Exercise brief:
Using the listing below, copy every line that mentions "Printed".

........

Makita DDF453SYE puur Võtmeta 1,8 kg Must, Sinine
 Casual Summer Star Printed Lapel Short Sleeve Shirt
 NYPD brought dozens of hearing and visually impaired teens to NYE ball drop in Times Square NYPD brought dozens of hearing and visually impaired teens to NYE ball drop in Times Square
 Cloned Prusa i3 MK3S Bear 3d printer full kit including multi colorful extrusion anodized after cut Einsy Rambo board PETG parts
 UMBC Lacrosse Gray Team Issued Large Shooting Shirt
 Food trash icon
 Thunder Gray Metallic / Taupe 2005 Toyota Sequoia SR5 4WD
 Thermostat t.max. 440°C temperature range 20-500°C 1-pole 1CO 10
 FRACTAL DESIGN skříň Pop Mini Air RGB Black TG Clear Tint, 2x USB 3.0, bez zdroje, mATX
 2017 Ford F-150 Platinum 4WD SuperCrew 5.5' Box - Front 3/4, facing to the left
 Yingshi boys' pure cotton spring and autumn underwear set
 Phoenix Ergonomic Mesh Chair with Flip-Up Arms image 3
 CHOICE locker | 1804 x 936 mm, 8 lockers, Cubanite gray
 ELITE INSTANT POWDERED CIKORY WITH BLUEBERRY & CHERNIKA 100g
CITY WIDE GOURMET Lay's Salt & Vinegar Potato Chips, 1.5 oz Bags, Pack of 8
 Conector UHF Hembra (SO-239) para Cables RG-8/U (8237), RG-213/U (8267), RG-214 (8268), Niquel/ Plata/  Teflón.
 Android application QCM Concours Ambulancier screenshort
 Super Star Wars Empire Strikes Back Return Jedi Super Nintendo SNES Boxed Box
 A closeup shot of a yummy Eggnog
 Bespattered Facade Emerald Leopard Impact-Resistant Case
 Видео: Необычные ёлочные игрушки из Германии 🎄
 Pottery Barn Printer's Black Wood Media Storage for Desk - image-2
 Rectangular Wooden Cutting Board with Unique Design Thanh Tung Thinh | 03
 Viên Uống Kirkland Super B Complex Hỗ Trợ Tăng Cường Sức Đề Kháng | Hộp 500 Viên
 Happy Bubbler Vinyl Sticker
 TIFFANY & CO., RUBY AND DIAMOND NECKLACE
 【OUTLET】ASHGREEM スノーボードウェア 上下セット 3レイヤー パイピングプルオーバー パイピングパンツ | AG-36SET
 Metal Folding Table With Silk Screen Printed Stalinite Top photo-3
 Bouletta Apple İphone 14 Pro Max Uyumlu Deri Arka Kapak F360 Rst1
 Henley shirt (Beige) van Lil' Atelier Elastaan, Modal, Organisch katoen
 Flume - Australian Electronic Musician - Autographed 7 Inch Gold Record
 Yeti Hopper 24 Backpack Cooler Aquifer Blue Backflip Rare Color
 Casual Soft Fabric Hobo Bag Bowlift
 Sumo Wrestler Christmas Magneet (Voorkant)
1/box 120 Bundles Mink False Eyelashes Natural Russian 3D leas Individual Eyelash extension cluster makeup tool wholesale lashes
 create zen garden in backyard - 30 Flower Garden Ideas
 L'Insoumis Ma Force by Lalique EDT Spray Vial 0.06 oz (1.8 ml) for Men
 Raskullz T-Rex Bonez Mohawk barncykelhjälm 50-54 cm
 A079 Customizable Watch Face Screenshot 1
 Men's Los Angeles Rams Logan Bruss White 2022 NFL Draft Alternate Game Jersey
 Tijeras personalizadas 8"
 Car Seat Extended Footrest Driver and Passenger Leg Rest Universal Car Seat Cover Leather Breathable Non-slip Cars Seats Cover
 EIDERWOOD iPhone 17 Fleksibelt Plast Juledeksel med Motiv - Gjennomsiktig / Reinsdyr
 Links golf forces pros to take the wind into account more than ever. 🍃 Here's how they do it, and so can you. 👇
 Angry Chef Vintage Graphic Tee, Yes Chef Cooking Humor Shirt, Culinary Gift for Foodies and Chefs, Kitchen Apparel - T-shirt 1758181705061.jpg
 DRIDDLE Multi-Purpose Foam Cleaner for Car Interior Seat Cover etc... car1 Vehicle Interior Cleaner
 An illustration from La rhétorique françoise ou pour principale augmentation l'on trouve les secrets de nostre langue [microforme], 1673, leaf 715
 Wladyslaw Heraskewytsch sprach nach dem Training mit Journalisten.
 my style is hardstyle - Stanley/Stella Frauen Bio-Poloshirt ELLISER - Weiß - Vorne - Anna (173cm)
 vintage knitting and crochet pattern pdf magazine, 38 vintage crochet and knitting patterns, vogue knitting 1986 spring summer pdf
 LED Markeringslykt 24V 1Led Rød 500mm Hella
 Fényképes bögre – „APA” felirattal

........

Written response:
 Casual Summer Star Printed Lapel Short Sleeve Shirt
 Metal Folding Table With Silk Screen Printed Stalinite Top photo-3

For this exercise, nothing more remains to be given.